My Last Continent by Midge Raymond is an expedition that leaves you feeling the biting cold as it burns the skin and takes the breath away from naturalists like Deb Gardner. Antarctica is a deeply mysterious place, one that travelers may have on their bucket list because they can see icebergs cleaving and wildlife free from human interruption. This environment, however, is not forgiving and many times those who travel there — even for research — can lose parts of themselves or their lives even if they are highly trained.
“The end of the world, the beginning of everything.” (pg. 14 ARC)
Raymond has crafted a novel that takes the harshness of the frozen wasteland and reweaves it into a place of solace for Gardner, a researcher whose family life is not close-knit and who feels closer to the penguins she observes than to people. Her narrative shifts backwards and forwards in time, sometimes a few months and sometimes by a few decades, but readers never leave Deb’s world view. She pushes you to care for the animals and their world, even as it crumbles around them and even as a researcher she is polluting its pristine nature. The dichotomy of her work is never lost on the reader — learn more about their environment and the effects of humanity upon it by being there and observing but through the act of observing, you disrupt the natural way of things (even if only for a few months).
“I feel his proximity like an electric current, a frayed wire, loose and dangerous.” (pg. 93 ARC)
The stakes become even higher when Deb finds that she feels more at home with fellow naturalist Keller Sullivan, a man who knew little until she reluctantly trained him. The nature of their work separates them more than it brings them together, but don’t be fooled into thinking this is a mere romance. There are deeper layers — the surface slush must be swept aside.
“But nature has a way of surprising us, of overpowering us, of reminding us that, no matter what we believe and no matter how hard we try, we’re not in control after all.” (pg. 140 ARC)

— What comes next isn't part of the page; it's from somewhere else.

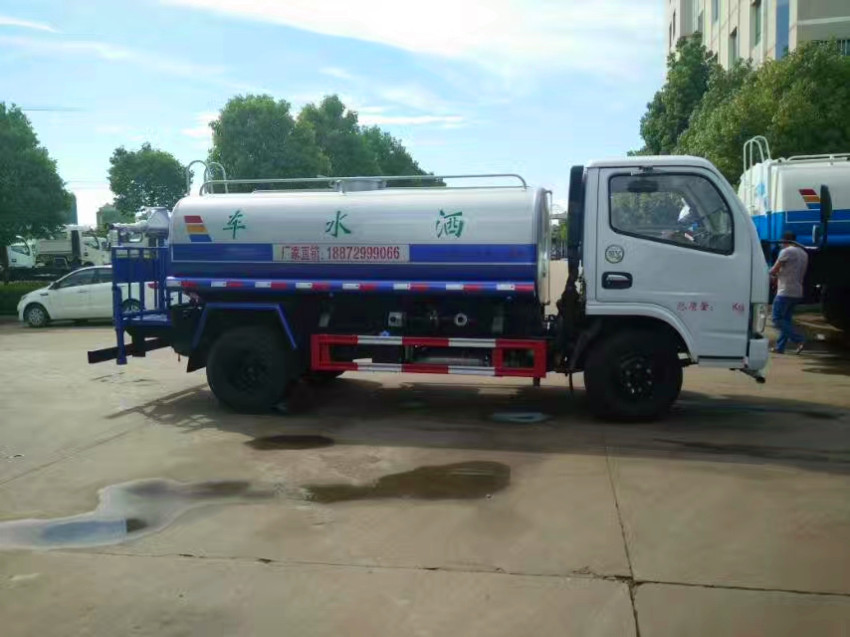 蚌埠市洒水车厂家直销;蚌埠市洒水车价格报价,程力集团公司 蚌埠市洒水车厂家直销;蚌埠市洒水车价格报价,程力集团公司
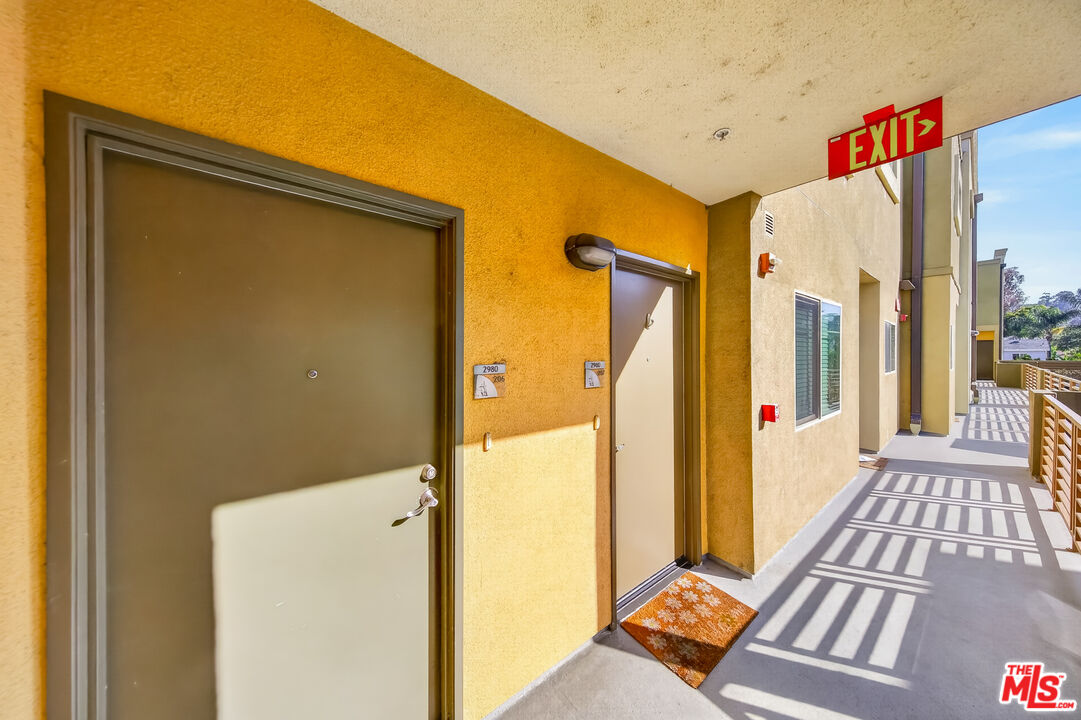 2980 Ripple Place, Unit 206 Los Angeles, CA 90039 - Photo 32 of 46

Sometimes the last continent may be a return to the one you abandoned long ago. My Last Continent by Midge Raymond is engaging and deeply moving. It’s message is clear; we are not so far evolved from our animal brethren and even if we were, we all still need the same planet to build families and to survive.
About the Author:
Midge Raymond is the author of the novel My Last Continent and the award-winning short-story collection Forgetting English. Her writing has appeared in TriQuarterly, American Literary Review, Bellevue Literary Review, the Los Angeles Times magazine, Poets & Writers, and many other publications.
Midge worked in publishing in New York before moving to Boston, where she taught communication writing at Boston University for six years. She has taught creative writing at Boston’s Grub Street Writers, Seattle’s Richard Hugo House, and San Diego Writers, Ink. She has also published two books for writers, Everyday Writing and Everyday Book Marketing.
Midge lives in the Pacific Northwest, where she is co-founder of the boutique publisher Ashland Creek Press.